**Aim of the exercise**
Without including any pictures, please copy every entry below exactly.

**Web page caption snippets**
________

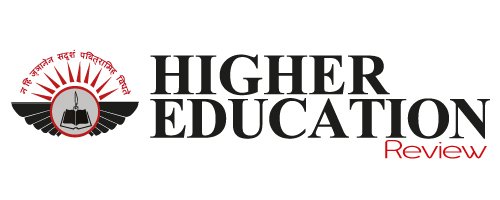 Higher Education Media Partner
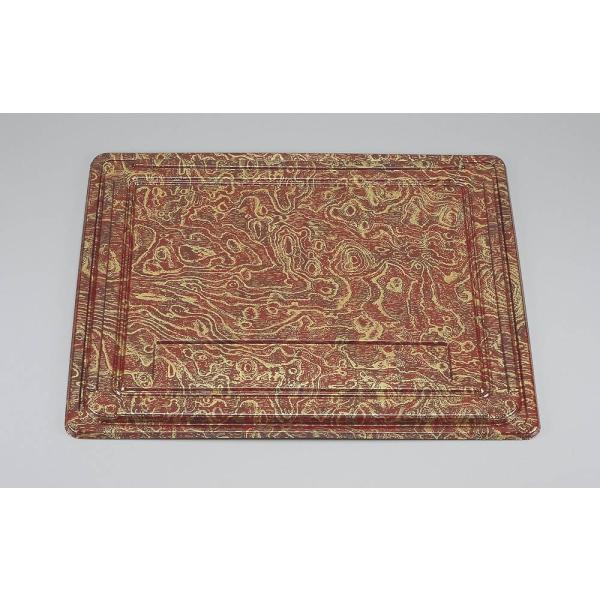 U-77(大輪)共蓋(B) 【20枚】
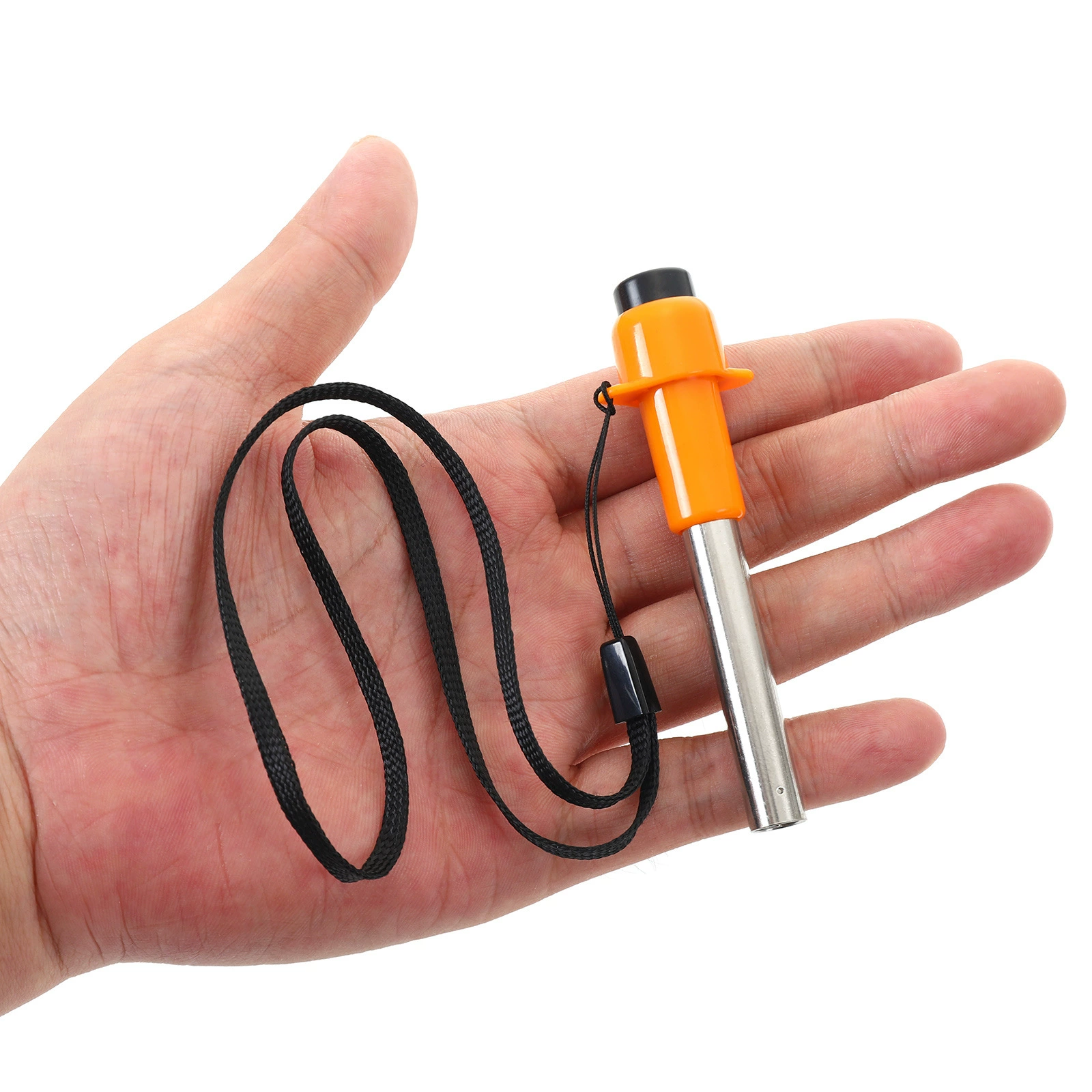 Fire Starting Kit - 屋外電気ライターストーブヘッド点火装置キッチン家庭用ミニ点火棒電子ポータブル点火銃ストーブ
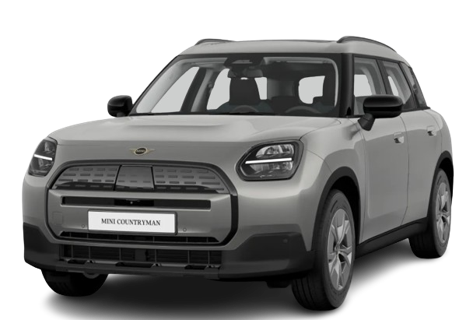 Countryman Electric
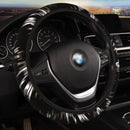 Capa de Volante Club do Auto CDA032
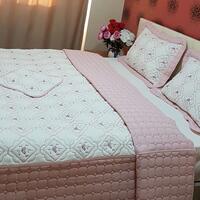 Oda Özellikleri Galerisi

________

**Solution to the exercise**
 Higher Education Media Partner
 U-77(大輪)共蓋(B) 【20枚】
 Fire Starting Kit - 屋外電気ライターストーブヘッド点火装置キッチン家庭用ミニ点火棒電子ポータブル点火銃ストーブ
 Countryman Electric
 Capa de Volante Club do Auto CDA032
 Oda Özellikleri Galerisi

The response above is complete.